» **STORED DATA**
● ● ●

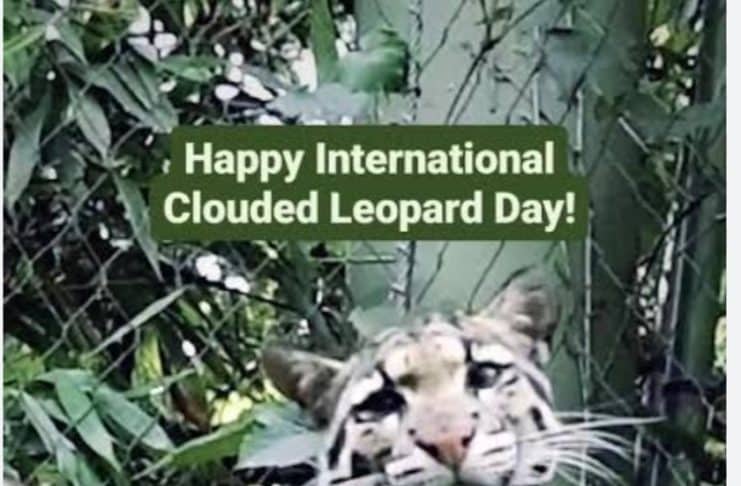 Langka dan Terancam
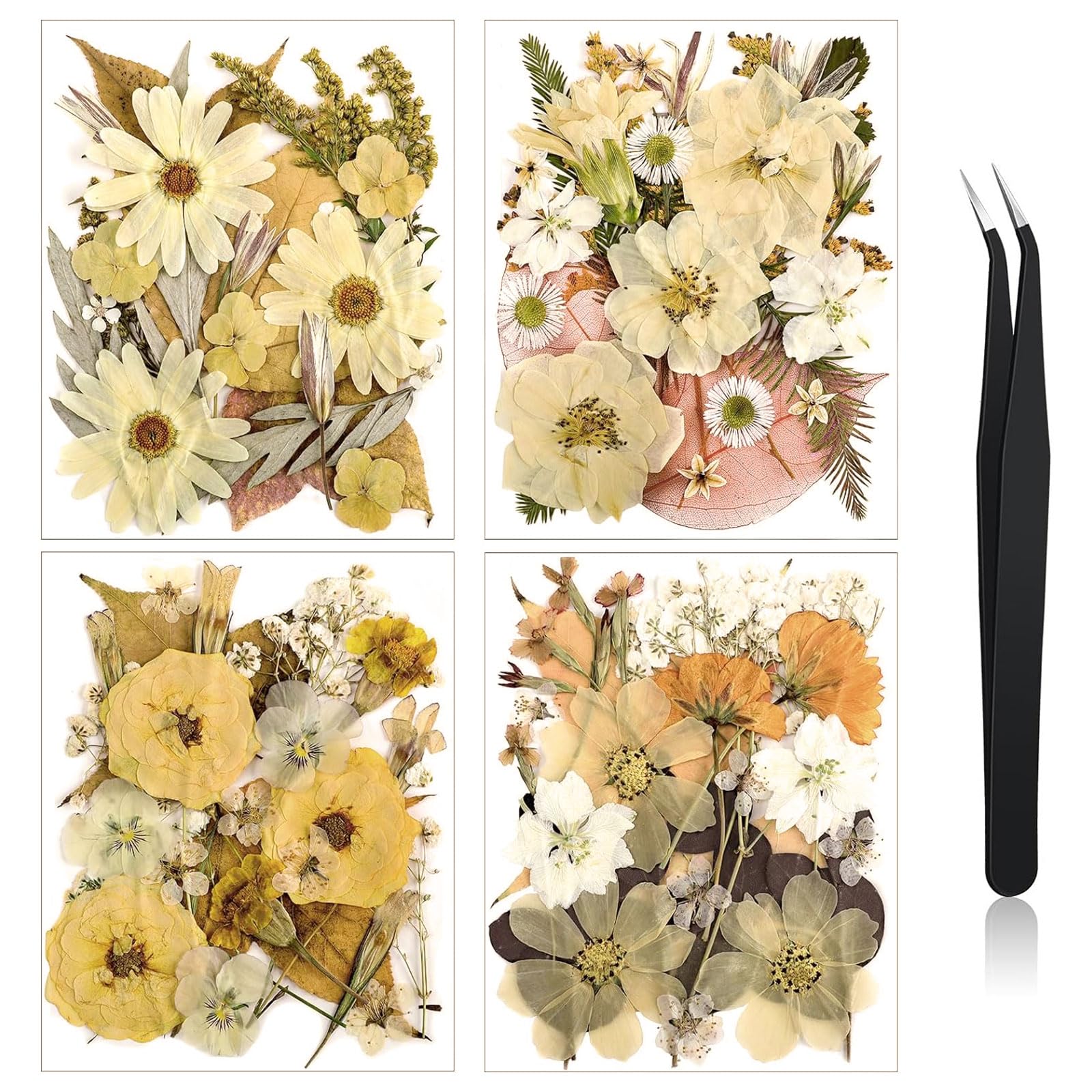Nuanchu Pressed Flowers Bulk Dried Flower For Crafts, Dried Flower Leave Natural With Tweezer For Resin Mold Scrapbooking Diy (B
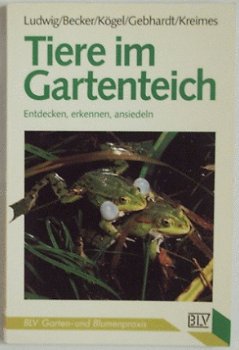 Tiere im Gartenteich - 1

● ● ●

Exact output of each line above is wanted, without the pictures.

» **RESPONSE**
 Langka dan Terancam
Nuanchu Pressed Flowers Bulk Dried Flower For Crafts, Dried Flower Leave Natural With Tweezer For Resin Mold Scrapbooking Diy (B
 Tiere im Gartenteich - 1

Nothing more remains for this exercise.